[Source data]

+ + + + +

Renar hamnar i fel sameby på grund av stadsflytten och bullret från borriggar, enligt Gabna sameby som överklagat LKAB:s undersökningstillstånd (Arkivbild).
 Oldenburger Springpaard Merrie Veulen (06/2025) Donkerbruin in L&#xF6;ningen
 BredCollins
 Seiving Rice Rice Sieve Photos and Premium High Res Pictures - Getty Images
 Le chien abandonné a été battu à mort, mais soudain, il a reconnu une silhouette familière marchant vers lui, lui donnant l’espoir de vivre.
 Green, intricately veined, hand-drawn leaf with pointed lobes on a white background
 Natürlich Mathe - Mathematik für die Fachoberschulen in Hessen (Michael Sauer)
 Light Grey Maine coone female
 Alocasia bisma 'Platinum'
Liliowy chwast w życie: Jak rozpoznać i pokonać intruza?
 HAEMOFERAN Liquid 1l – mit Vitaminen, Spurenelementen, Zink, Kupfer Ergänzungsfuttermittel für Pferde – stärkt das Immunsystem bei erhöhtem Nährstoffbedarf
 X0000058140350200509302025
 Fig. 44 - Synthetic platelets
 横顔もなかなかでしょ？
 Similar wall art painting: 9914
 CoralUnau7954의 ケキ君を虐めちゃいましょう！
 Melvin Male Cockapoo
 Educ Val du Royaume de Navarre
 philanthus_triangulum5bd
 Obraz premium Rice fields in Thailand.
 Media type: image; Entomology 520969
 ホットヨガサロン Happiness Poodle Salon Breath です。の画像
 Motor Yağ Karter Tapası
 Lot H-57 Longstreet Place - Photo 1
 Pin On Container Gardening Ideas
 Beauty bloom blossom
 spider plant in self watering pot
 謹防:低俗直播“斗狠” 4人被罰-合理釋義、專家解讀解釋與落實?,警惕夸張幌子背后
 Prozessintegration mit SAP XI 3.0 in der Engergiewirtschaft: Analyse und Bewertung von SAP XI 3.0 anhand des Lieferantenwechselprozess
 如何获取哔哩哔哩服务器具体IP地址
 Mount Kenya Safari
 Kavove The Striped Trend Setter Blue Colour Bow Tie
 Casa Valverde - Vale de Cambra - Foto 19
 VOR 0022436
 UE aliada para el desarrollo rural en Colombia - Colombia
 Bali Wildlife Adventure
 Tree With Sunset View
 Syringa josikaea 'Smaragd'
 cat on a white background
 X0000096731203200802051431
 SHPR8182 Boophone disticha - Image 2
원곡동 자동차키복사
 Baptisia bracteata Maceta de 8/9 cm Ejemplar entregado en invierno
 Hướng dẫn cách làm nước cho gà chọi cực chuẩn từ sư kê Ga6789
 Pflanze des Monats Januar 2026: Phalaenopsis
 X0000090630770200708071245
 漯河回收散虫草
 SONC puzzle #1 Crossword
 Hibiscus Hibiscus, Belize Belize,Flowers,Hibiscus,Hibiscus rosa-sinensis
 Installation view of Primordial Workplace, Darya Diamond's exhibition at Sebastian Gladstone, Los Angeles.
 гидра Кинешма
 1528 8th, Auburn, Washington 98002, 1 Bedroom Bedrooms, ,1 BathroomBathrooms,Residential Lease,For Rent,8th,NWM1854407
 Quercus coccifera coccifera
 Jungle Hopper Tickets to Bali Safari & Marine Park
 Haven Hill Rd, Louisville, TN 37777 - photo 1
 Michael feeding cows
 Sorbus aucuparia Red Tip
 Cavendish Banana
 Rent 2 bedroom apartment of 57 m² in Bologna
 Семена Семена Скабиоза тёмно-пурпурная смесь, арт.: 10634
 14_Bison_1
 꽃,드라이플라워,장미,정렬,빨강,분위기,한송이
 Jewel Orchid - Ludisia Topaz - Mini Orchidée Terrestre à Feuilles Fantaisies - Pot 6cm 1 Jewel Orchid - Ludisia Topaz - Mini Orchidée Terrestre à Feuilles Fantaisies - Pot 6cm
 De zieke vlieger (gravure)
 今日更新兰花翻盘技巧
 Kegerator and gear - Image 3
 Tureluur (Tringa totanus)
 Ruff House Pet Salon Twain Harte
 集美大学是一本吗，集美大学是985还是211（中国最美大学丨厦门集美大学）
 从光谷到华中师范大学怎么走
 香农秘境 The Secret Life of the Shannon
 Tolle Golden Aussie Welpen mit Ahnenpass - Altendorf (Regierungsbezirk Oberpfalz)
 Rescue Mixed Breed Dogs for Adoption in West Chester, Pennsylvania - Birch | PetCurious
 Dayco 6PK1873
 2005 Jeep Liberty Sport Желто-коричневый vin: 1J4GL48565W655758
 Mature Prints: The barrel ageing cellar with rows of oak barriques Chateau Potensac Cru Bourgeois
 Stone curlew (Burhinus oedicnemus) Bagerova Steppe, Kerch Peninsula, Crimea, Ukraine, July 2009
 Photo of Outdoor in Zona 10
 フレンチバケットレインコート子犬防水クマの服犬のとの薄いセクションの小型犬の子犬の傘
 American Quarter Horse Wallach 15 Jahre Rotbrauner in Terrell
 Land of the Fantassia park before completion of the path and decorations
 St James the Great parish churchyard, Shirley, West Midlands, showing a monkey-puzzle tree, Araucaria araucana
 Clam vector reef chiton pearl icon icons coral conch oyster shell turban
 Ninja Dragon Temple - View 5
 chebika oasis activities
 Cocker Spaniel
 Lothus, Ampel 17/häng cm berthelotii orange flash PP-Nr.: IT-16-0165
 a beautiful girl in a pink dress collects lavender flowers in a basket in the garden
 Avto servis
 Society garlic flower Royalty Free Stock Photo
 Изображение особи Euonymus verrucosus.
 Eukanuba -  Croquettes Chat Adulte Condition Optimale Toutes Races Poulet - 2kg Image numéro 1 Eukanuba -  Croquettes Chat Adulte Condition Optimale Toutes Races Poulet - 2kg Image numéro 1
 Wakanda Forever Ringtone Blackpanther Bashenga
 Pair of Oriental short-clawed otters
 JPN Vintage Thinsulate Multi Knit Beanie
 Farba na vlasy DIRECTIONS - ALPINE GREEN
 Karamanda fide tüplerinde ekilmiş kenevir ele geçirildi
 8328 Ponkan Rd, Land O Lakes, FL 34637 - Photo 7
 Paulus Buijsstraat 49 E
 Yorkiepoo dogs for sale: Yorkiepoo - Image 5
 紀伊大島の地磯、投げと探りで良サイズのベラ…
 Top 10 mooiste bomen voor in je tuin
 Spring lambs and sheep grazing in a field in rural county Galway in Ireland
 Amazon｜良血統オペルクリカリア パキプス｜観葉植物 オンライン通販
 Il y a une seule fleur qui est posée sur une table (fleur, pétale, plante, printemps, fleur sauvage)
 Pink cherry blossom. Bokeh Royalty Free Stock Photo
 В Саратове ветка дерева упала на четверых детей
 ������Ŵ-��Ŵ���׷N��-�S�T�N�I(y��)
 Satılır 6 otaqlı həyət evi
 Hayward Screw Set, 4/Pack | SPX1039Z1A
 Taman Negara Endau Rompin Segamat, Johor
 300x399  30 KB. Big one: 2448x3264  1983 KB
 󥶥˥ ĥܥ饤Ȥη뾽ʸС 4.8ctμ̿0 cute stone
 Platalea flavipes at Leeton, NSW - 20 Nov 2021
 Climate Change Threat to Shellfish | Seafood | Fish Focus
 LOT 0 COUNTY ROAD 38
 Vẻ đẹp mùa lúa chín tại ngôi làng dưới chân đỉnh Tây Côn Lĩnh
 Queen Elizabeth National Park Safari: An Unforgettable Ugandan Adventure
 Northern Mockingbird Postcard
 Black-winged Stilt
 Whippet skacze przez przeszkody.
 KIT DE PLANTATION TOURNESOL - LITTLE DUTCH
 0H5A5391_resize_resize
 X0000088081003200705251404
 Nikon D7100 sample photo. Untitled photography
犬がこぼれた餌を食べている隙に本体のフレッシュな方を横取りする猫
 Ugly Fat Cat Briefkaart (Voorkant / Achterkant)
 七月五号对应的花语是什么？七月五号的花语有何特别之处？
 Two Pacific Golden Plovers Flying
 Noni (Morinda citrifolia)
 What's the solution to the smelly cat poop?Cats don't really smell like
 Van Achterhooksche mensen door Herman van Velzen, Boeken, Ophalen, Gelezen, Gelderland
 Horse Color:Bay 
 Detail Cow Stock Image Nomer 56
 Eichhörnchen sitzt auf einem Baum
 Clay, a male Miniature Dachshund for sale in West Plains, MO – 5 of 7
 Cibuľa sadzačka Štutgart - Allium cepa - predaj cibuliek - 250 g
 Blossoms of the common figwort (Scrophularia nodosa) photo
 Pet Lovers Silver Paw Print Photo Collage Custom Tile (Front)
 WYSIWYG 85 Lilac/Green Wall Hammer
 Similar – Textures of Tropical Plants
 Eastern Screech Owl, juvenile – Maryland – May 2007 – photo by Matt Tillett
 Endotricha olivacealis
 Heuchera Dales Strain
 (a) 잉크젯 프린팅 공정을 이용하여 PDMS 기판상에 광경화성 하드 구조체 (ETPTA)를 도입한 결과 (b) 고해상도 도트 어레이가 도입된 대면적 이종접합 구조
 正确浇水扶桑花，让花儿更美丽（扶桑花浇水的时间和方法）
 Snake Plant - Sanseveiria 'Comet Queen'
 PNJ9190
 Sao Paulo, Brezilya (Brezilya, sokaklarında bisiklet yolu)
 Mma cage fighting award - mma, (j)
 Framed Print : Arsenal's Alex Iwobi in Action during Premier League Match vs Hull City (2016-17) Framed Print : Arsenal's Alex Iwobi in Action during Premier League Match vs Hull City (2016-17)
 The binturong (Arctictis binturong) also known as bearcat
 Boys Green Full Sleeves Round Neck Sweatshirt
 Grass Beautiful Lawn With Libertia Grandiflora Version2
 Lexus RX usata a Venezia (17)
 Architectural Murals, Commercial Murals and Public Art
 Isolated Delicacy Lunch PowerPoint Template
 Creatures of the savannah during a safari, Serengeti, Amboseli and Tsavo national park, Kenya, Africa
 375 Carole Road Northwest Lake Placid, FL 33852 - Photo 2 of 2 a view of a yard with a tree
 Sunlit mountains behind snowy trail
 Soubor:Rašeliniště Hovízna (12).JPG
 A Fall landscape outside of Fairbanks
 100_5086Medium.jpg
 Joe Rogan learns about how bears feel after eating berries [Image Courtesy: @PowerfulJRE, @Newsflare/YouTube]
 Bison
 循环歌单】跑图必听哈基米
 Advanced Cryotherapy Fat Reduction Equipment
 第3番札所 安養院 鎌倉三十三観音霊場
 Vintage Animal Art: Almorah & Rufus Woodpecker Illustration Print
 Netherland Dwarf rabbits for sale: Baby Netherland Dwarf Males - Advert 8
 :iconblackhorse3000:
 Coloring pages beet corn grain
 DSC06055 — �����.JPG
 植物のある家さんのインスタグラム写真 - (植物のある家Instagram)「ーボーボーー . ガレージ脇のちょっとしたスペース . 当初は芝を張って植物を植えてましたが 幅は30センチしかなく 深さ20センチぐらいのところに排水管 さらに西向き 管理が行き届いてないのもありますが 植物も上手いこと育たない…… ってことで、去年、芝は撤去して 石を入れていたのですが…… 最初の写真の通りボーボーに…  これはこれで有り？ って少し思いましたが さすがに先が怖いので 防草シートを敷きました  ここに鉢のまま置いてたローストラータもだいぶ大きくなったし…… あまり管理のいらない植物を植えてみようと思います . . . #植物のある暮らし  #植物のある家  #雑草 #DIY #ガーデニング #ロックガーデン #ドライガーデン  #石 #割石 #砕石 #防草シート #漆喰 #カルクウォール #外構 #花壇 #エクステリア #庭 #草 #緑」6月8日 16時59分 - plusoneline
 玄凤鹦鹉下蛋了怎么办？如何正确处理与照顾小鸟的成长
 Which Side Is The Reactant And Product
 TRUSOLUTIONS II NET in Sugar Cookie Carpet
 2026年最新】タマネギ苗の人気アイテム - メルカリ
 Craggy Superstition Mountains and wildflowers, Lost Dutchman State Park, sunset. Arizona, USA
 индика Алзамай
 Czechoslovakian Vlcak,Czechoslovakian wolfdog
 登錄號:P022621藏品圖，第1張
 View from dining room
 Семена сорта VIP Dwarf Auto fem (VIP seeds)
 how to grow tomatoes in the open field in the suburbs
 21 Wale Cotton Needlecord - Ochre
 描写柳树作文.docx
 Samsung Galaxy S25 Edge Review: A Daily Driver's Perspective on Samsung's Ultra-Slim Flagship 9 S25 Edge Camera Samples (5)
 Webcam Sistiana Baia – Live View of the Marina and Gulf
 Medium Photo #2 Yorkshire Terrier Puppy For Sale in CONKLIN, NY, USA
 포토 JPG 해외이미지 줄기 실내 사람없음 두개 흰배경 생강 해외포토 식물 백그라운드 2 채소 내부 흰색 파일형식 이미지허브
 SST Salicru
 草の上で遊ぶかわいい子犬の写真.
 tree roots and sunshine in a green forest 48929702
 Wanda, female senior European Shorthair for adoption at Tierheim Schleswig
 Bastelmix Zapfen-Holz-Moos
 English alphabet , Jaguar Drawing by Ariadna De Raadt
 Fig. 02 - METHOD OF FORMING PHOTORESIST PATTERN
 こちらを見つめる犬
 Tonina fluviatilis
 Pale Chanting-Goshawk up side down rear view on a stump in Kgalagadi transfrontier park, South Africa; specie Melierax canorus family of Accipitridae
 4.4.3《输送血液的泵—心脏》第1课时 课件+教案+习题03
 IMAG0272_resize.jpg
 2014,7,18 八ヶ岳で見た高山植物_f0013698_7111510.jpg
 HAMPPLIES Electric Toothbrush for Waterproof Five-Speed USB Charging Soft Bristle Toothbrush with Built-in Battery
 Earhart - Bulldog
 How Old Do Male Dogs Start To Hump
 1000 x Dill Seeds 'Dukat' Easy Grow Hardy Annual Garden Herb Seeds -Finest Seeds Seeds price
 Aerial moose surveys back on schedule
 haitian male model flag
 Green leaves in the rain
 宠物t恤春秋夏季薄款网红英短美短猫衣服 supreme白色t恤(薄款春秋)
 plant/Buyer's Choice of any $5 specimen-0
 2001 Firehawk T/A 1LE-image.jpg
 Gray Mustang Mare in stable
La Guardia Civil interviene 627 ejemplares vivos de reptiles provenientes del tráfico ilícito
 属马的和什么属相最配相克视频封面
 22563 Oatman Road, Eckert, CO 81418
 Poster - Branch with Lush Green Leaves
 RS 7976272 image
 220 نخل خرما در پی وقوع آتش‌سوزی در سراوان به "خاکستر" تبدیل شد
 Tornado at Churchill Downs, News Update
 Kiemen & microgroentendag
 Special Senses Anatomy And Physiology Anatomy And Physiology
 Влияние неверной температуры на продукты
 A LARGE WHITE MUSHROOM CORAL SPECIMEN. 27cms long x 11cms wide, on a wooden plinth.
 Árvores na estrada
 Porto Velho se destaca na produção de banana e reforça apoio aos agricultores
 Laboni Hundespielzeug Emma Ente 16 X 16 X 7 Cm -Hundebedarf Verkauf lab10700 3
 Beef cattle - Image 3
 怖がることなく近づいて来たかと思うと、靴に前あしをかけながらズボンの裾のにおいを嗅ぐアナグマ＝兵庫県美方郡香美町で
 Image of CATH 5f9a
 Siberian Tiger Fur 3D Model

+ + + + +

EXERCISE: All that belongs in the answer is the lines from the start of the entries above through the line containing "SONC puzzle #1 Crossword", each given exactly.

COMPLETED EXERCISE:
Renar hamnar i fel sameby på grund av stadsflytten och bullret från borriggar, enligt Gabna sameby som överklagat LKAB:s undersökningstillstånd (Arkivbild).
 Oldenburger Springpaard Merrie Veulen (06/2025) Donkerbruin in L&#xF6;ningen
 BredCollins
 Seiving Rice Rice Sieve Photos and Premium High Res Pictures - Getty Images
 Le chien abandonné a été battu à mort, mais soudain, il a reconnu une silhouette familière marchant vers lui, lui donnant l’espoir de vivre.
 Green, intricately veined, hand-drawn leaf with pointed lobes on a white background
 Natürlich Mathe - Mathematik für die Fachoberschulen in Hessen (Michael Sauer)
 Light Grey Maine coone female
 Alocasia bisma 'Platinum'
Liliowy chwast w życie: Jak rozpoznać i pokonać intruza?
 HAEMOFERAN Liquid 1l – mit Vitaminen, Spurenelementen, Zink, Kupfer Ergänzungsfuttermittel für Pferde – stärkt das Immunsystem bei erhöhtem Nährstoffbedarf
 X0000058140350200509302025
 Fig. 44 - Synthetic platelets
 横顔もなかなかでしょ？
 Similar wall art painting: 9914
 CoralUnau7954의 ケキ君を虐めちゃいましょう！
 Melvin Male Cockapoo
 Educ Val du Royaume de Navarre
 philanthus_triangulum5bd
 Obraz premium Rice fields in Thailand.
 Media type: image; Entomology 520969
 ホットヨガサロン Happiness Poodle Salon Breath です。の画像
 Motor Yağ Karter Tapası
 Lot H-57 Longstreet Place - Photo 1
 Pin On Container Gardening Ideas
 Beauty bloom blossom
 spider plant in self watering pot
 謹防:低俗直播“斗狠” 4人被罰-合理釋義、專家解讀解釋與落實?,警惕夸張幌子背后
 Prozessintegration mit SAP XI 3.0 in der Engergiewirtschaft: Analyse und Bewertung von SAP XI 3.0 anhand des Lieferantenwechselprozess
 如何获取哔哩哔哩服务器具体IP地址
 Mount Kenya Safari
 Kavove The Striped Trend Setter Blue Colour Bow Tie
 Casa Valverde - Vale de Cambra - Foto 19
 VOR 0022436
 UE aliada para el desarrollo rural en Colombia - Colombia
 Bali Wildlife Adventure
 Tree With Sunset View
 Syringa josikaea 'Smaragd'
 cat on a white background
 X0000096731203200802051431
 SHPR8182 Boophone disticha - Image 2
원곡동 자동차키복사
 Baptisia bracteata Maceta de 8/9 cm Ejemplar entregado en invierno
 Hướng dẫn cách làm nước cho gà chọi cực chuẩn từ sư kê Ga6789
 Pflanze des Monats Januar 2026: Phalaenopsis
 X0000090630770200708071245
 漯河回收散虫草
 SONC puzzle #1 Crossword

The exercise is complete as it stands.